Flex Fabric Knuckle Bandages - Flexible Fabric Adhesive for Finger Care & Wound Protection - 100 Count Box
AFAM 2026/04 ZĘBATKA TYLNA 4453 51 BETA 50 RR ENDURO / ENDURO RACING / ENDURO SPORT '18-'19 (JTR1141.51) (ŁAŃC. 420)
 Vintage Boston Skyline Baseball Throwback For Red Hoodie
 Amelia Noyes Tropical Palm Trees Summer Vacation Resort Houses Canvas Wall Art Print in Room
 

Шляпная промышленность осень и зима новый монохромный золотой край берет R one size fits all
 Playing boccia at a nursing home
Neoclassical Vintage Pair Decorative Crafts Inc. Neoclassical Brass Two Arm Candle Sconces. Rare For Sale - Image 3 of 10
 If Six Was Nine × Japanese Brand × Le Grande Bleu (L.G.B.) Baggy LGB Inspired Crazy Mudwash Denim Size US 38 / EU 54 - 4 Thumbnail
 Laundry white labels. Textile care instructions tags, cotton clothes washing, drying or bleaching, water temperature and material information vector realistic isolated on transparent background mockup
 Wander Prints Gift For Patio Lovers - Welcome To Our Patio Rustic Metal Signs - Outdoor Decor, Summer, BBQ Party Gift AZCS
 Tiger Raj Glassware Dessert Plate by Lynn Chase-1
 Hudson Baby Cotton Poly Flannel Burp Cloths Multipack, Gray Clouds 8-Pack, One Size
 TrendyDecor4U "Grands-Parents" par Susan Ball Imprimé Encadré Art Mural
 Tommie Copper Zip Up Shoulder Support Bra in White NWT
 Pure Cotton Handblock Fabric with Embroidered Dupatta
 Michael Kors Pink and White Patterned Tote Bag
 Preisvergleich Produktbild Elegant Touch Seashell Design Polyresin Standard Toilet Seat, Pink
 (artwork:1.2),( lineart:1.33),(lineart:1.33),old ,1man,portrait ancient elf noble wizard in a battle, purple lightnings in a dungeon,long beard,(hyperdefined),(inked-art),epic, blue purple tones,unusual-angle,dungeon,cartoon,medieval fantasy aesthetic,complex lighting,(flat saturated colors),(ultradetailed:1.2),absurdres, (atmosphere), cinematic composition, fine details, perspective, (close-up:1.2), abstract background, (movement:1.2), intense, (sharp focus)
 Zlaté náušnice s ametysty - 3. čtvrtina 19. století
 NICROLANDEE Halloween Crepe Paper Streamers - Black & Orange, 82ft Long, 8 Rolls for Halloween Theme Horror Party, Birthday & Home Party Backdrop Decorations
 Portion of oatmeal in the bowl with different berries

—————

◆ **Problem requirements**
Transcribe the listing shown above in full and without change.

◆ **Output of the exercise**
Flex Fabric Knuckle Bandages - Flexible Fabric Adhesive for Finger Care & Wound Protection - 100 Count Box
AFAM 2026/04 ZĘBATKA TYLNA 4453 51 BETA 50 RR ENDURO / ENDURO RACING / ENDURO SPORT '18-'19 (JTR1141.51) (ŁAŃC. 420)
 Vintage Boston Skyline Baseball Throwback For Red Hoodie
 Amelia Noyes Tropical Palm Trees Summer Vacation Resort Houses Canvas Wall Art Print in Room
 

Шляпная промышленность осень и зима новый монохромный золотой край берет R one size fits all
 Playing boccia at a nursing home
Neoclassical Vintage Pair Decorative Crafts Inc. Neoclassical Brass Two Arm Candle Sconces. Rare For Sale - Image 3 of 10
 If Six Was Nine × Japanese Brand × Le Grande Bleu (L.G.B.) Baggy LGB Inspired Crazy Mudwash Denim Size US 38 / EU 54 - 4 Thumbnail
 Laundry white labels. Textile care instructions tags, cotton clothes washing, drying or bleaching, water temperature and material information vector realistic isolated on transparent background mockup
 Wander Prints Gift For Patio Lovers - Welcome To Our Patio Rustic Metal Signs - Outdoor Decor, Summer, BBQ Party Gift AZCS
 Tiger Raj Glassware Dessert Plate by Lynn Chase-1
 Hudson Baby Cotton Poly Flannel Burp Cloths Multipack, Gray Clouds 8-Pack, One Size
 TrendyDecor4U "Grands-Parents" par Susan Ball Imprimé Encadré Art Mural
 Tommie Copper Zip Up Shoulder Support Bra in White NWT
 Pure Cotton Handblock Fabric with Embroidered Dupatta
 Michael Kors Pink and White Patterned Tote Bag
 Preisvergleich Produktbild Elegant Touch Seashell Design Polyresin Standard Toilet Seat, Pink
 (artwork:1.2),( lineart:1.33),(lineart:1.33),old ,1man,portrait ancient elf noble wizard in a battle, purple lightnings in a dungeon,long beard,(hyperdefined),(inked-art),epic, blue purple tones,unusual-angle,dungeon,cartoon,medieval fantasy aesthetic,complex lighting,(flat saturated colors),(ultradetailed:1.2),absurdres, (atmosphere), cinematic composition, fine details, perspective, (close-up:1.2), abstract background, (movement:1.2), intense, (sharp focus)
 Zlaté náušnice s ametysty - 3. čtvrtina 19. století
 NICROLANDEE Halloween Crepe Paper Streamers - Black & Orange, 82ft Long, 8 Rolls for Halloween Theme Horror Party, Birthday & Home Party Backdrop Decorations
 Portion of oatmeal in the bowl with different berries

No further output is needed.